Midgo mainly produces metal shelf storage products, which are used in home storage, industrial and commercial storage and other scenes. The company expects to achieve a revenue of 502 million yuan in 2021, a year-on-year decrease of 20.58%; The net profit was 105967 million yuan, a year-on-year decrease of 82.68%; Deduct non net profit of RMB 1.518 million, a year-on-year decrease of 96.27%.
Mizogel said that the direct cost increased due to the sharp rise in commodity prices in 2021. In addition, affected by the epidemic, the sea freight and cost of customers increased, the company raised the sales price of products, and the orders of overseas customers decreased. The company’s customers are mainly overseas customers. The decline of US dollar exchange rate compared with the same period in 2021 also led to the decline of the company’s revenue.
Also affected are Huayang variable speed, Anhui phoenix and Fangda shares. The net profits of the three companies fell by 50.40%, 12.31% and 18.88% respectively in 2021. The three companies mentioned in the performance express that the cost of producing products increased due to the rise of raw material prices and other factors.

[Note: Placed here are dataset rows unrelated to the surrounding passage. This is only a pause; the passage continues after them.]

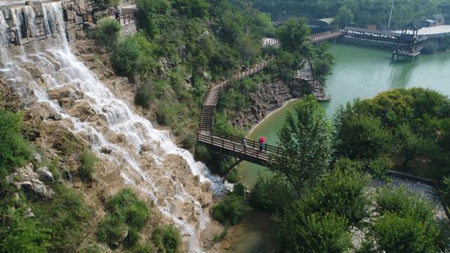 濰坊十大最好玩的景點，濰坊旅游攻略必玩的景點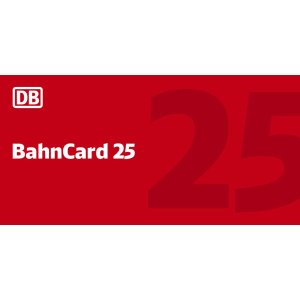 这个必备！做一次火车就回本啦Finden Sie hier Ihre passende BahnCard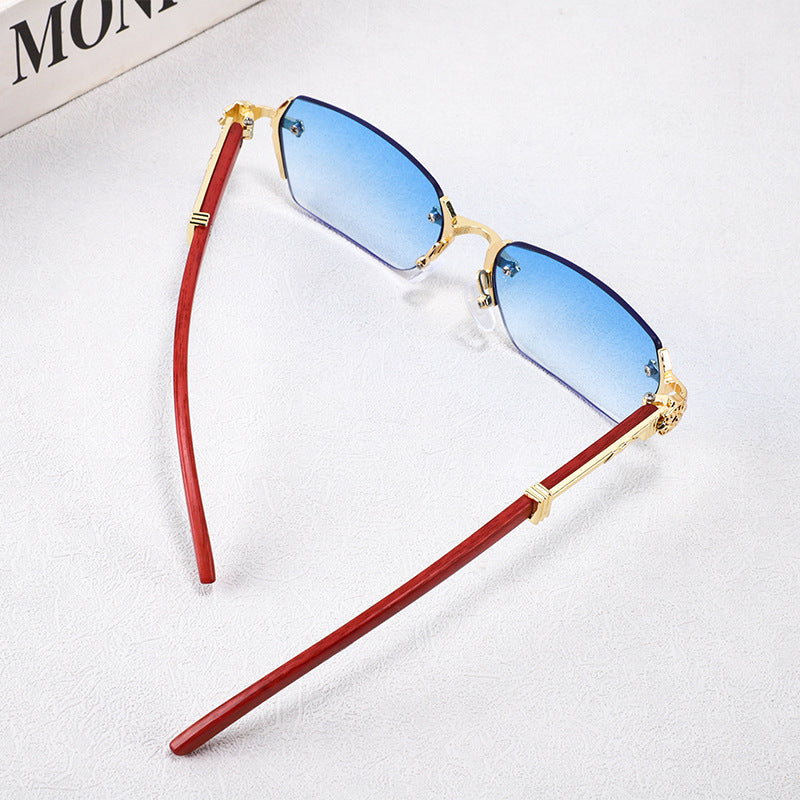 Damen exklusive modische Sonnenbrille Karnz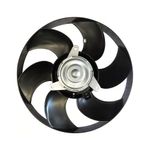 Eletroventilador do Citroen AX, Xsara, ZX e outros - Gauss GE1054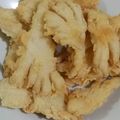 Cooksnap dari Andrianit untuk resep Jamur Tiram Crispy (Kriuk Awet) - Takaran Sendok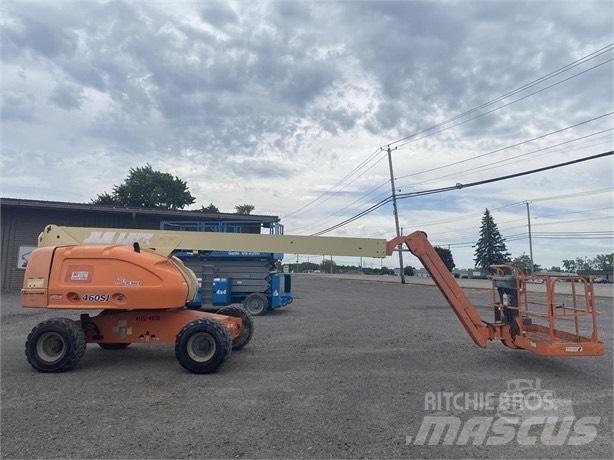 JLG 460 SJ Teleskopske dvižne ploščadi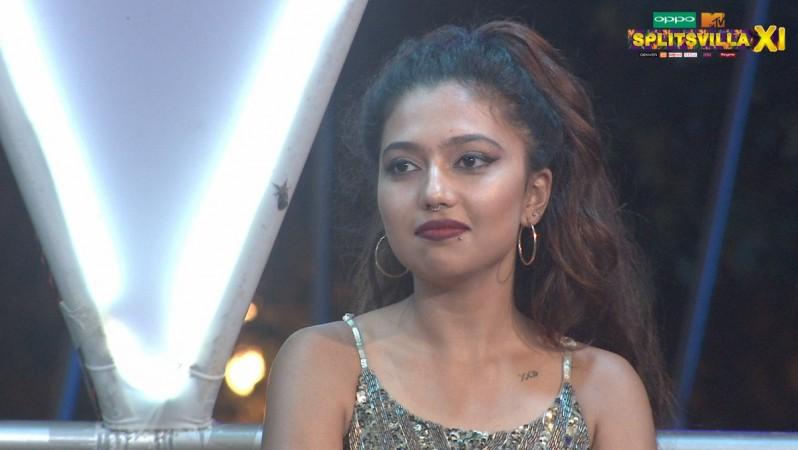 Anshula Anshula, Splitsvilla 11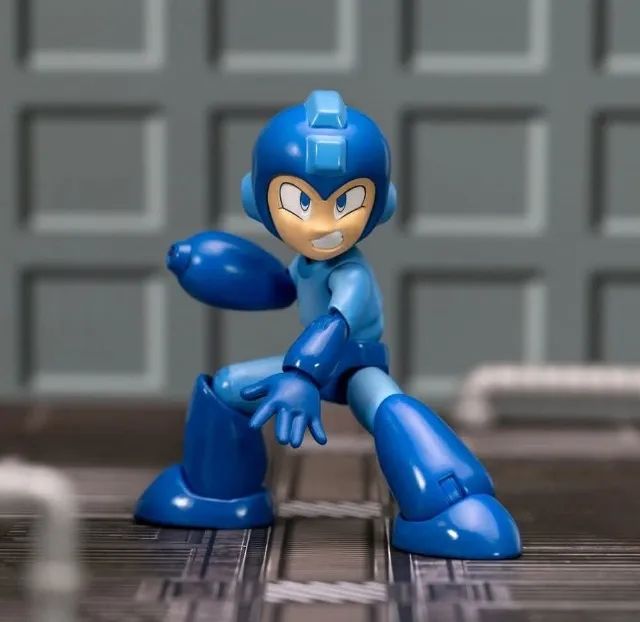 Mega Man Jada Toys - Foto 5
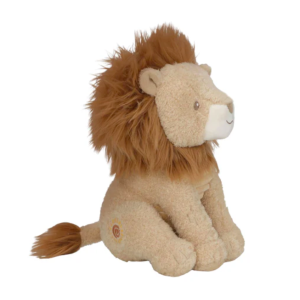 Peluche Lion - 25 cm - Safari friends - Little Dutch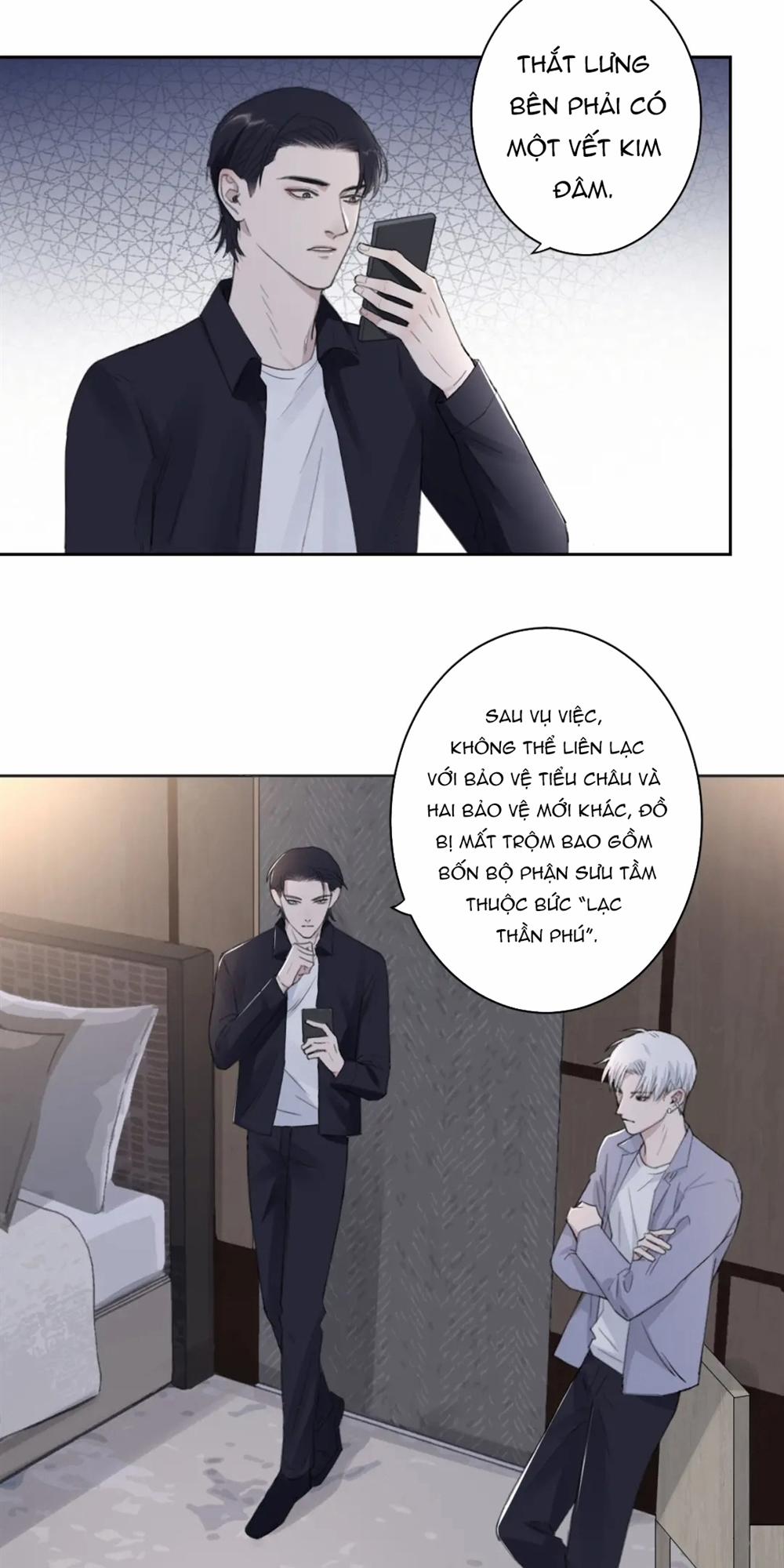 Trong Bóng Tối 35 trang 4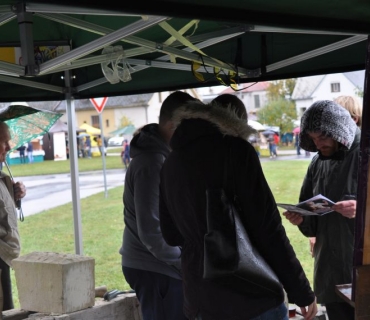 17. ročník Slavnosti holovouských malináčů 5.10.2019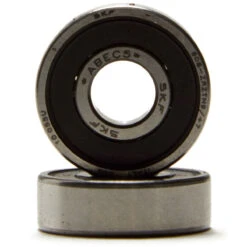 SKF Oski Pro Bearings - Black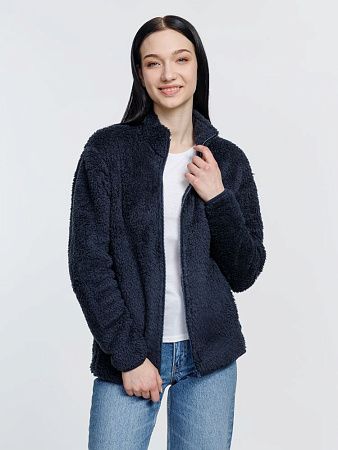 Куртка унисекс Finch, темно-синяя (navy), размер XS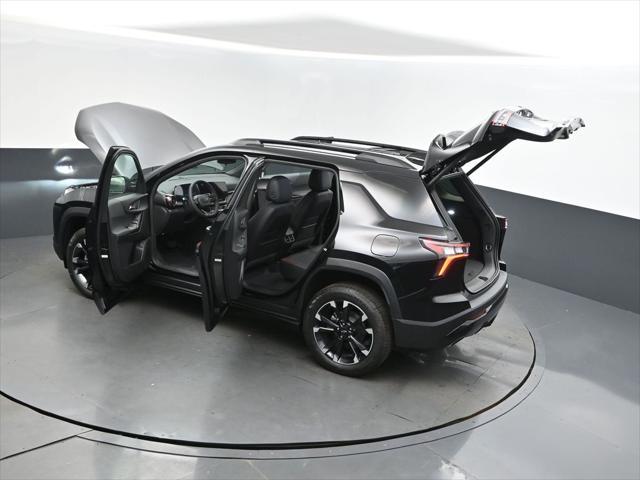 new 2026 Chevrolet Equinox car, priced at $34,395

Among them, Fangda shares and Anhui phoenix also increased their operating costs due to the superposition of adverse factors such as exchange rate fluctuations and rising international shipping costs.
In addition, the repeated epidemic in the fourth quarter of 2021 also affected the operation and production of some enterprises.
The net profit of digital people and minimally invasive optoelectronics is expected to decline by 45.71% and 30.43% respectively in 2021. Digital human is mainly committed to the development and application of digital human body data. Most of its customers are medical colleges and universities. The epidemic has led colleges and universities to strengthen campus management, which has affected the development and implementation of the company’s business. The business progress of the company in the fourth quarter of 2021 was lower than expected.
Minimally invasive optoelectronics mainly provides monitoring information products and services with video as the core for highways. The epidemic situation has repeatedly affected the promotion of the company’s highway projects.